Leila and I awoke at 6:30 and that is the worst thing about an afternoon departure. How do you fill those hours between arising and departing? Packing had started several days earlier and finished up the night before, as I repeatedly packed and unpacked, shifting items from the large rolling duffel destined for the belly of the plane to the carryon, all in order to get the weight of the duffle down to 50.6 pounds. If I were over that limit, so I believed from reading the advice on the Air France web page, I would be surcharged $50. That I could have handled, but for the second hop, via Brussels Air from Brussels to Kigali, the penalty would have been $200.

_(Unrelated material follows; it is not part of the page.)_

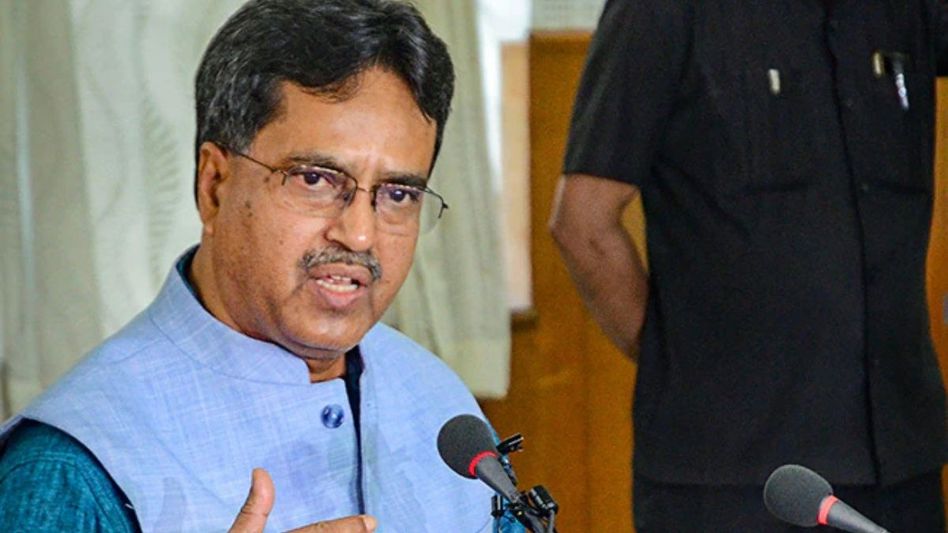 Tripura records second-highest GSDP in Northeast: CM Manik Saha Tripura records second-highest GSDP in Northeast: CM Manik Saha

Unsuccessful in getting the weight down to 50.6 pounds, I went once again to the Air France web site and reread the baggage rules. I then discovered that I was allowed one carryon plus another small bag, such as a computer bag. Voila! The solution. I transferred the my large Dell laptop, and the still boxed mini laptop I was taking to Richard Malengule, a Congolese human rights attorney, and about 50 high energy bars , along with writing tablets, power cords, earphones, and my reading material, Le Petit Prince and Les Adventures du Nicolas. (Kids' books yes, but Petit Prince has gems for readers of all ages, and Petit Nicolas is a great assist, with explanations of grammar and vocabulary in the margins.

So after once again strapping the rolling duffel on my back and stepping upon the bathroom scales, I finally achieved the goal of 248 pounds, allocated between me and the duffel. I learned from the Air France ticket agent that all that effort was unnecessary. She explained if I had only one bag to check (2 are allowed) I would be allowed somewhere around 70 pounds.

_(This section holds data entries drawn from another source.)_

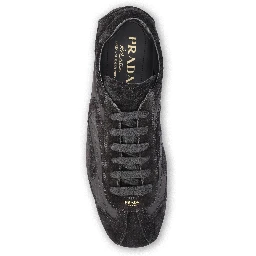 Prada Sneakers Black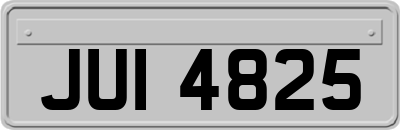 JUI4825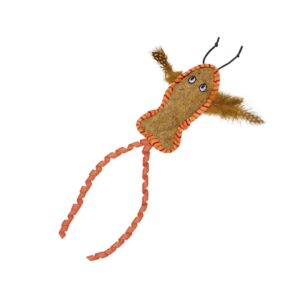 Kork hummer med Catnip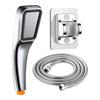 Haili Pressurized Shower Head Set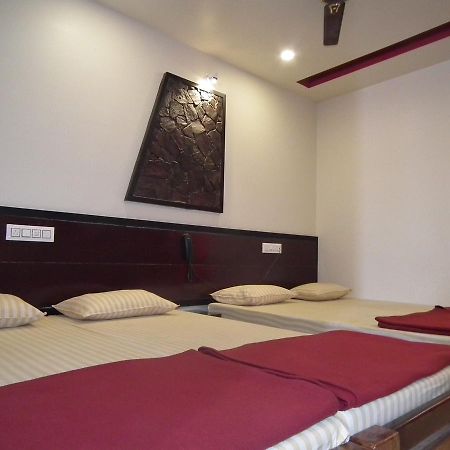 Chikmagalūr Galaxy Lodge المظهر الخارجي الصورة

The flight was uneventful. Fortunately I had snared an exit row seat, and had no seat in front of me, thus allowing a lot of stretching out, and with my inflatable butt cushion and neck collar, I actually was able to get a few hours sleep. With an AA (ambien assist).
Upon departure, I was able within a few minutes’ walk to the TGV station (Train Grand Vitesse, loosely translated, Really Fast Train) and was in Brussels in an hour and a half. Chatted about half the way with a Belgian man who makes several trips each year with a couple hundred pounds of used, but very serviceable clothes for little children. It is all on his own dime, but he is answering the question, “but Lord, when did we clothe thee?

I believe that meeting him was a good omen for my trip.

1 comment:

  1. Oh the joys of international travel. Glad you met a man who served as a good omen. The first of many we hope.